Ingestion

Ingestion is the process by which raw data enters Membrane and becomes structured, classified memory. Every piece of knowledge the system retains -- an event observed, a tool output captured, a fact learned, a task state snapshot -- begins as an ingestion request and exits the pipeline as a fully-formed MemoryRecord persisted to storage.

Overview

The ingestion layer sits between external callers (agents, tools, human operators) and the memory store. It is responsible for three things:

Classification -- determining what type of memory a piece of data should become.
Policy application -- assigning sensitivity, confidence, salience, and lifecycle metadata.
Record construction -- building a complete MemoryRecord with provenance, audit log, and type-specific payload, then persisting it.

Caller (gRPC / Go API)
        |
        v
  +-----------+      +---------------+      +----------------+
  | Classifier| ---> | Policy Engine | ---> | Record Builder |
  +-----------+      +---------------+      +----------------+
                                                    |
                                                    v
                                               [ Storage ]

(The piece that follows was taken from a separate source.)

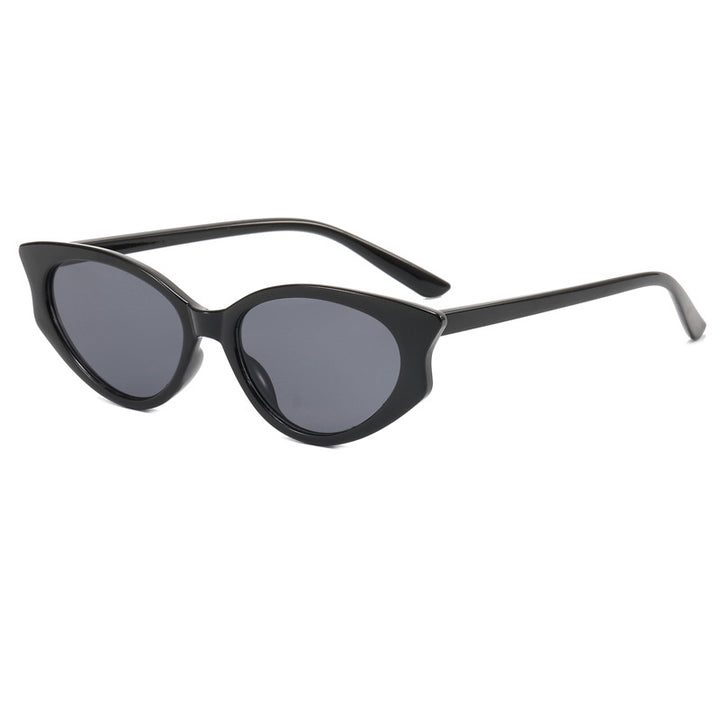 Women's Cat Eye Sunglasses with Transparent Frame Kalsten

The pipeline is synchronous. A single ingest call classifies, validates, builds, and stores the record before returning the fully-populated MemoryRecord to the caller.

Memory Types

Membrane supports five memory types. The ingestion layer creates records for four of them directly and updates a fifth (outcome) on existing records.

Type	Kind constant	Description	When to use
Episodic	`episodic`	Raw experience: events, tool calls, errors	Capturing what happened during agent execution
Semantic	`semantic`	Stable facts as subject-predicate-object triples	Recording learned knowledge, preferences, environment facts
Working	`working`	Current task state for resumption	Snapshotting in-flight task context across sessions
Competence	`competence`	Procedural knowledge: how to achieve goals	Encoding reusable skills with triggers and recipes
Plan Graph	`plan_graph`	Reusable solution structures as directed graphs	Storing multi-step plans with dependencies

TIP

Episodic memories are intentionally short-lived (default half-life of 1 hour). They serve as raw evidence that the consolidation layer later distills into longer-lived semantic or competence memories.

The Ingestion Pipeline

Every ingest call follows the same four-stage pipeline:

1. Candidate Construction

The caller's request is converted into a MemoryCandidate -- an intermediate representation that carries all fields needed by the classifier and policy engine. The candidate's Kind field identifies the source type:

CandidateKind	Value	Produces
`CandidateKindEvent`	`"event"`	Episodic memory
`CandidateKindToolOutput`	`"tool_output"`	Episodic memory
`CandidateKindObservation`	`"observation"`	Semantic memory
`CandidateKindOutcome`	`"outcome"`	Updates existing episodic record
`CandidateKindWorkingState`	`"working_state"`	Working memory

2. Classification

The Classifier examines the candidate's Kind and returns the appropriate MemoryType. Classification is deterministic -- the mapping is fixed:

func (c *Classifier) Classify(candidate *MemoryCandidate) schema.MemoryType {
    switch candidate.Kind {
    case CandidateKindEvent:        return schema.MemoryTypeEpisodic
    case CandidateKindToolOutput:   return schema.MemoryTypeEpisodic
    case CandidateKindObservation:  return schema.MemoryTypeSemantic
    case CandidateKindOutcome:      return schema.MemoryTypeEpisodic
    case CandidateKindWorkingState: return schema.MemoryTypeWorking
    default:                        return schema.MemoryTypeEpisodic
    }
}

3. Policy Application

The PolicyEngine validates the candidate and produces a PolicyResult containing lifecycle metadata. This stage determines:

Sensitivity -- uses the caller's override if provided, otherwise falls back to the configured default.
Confidence -- assigned based on source type (see Ingestion Policies).
Salience -- set to the configured initial value (default 1.0).
Decay profile -- type-specific half-life with exponential decay curve.
Deletion policy -- configurable default (typically auto_prune).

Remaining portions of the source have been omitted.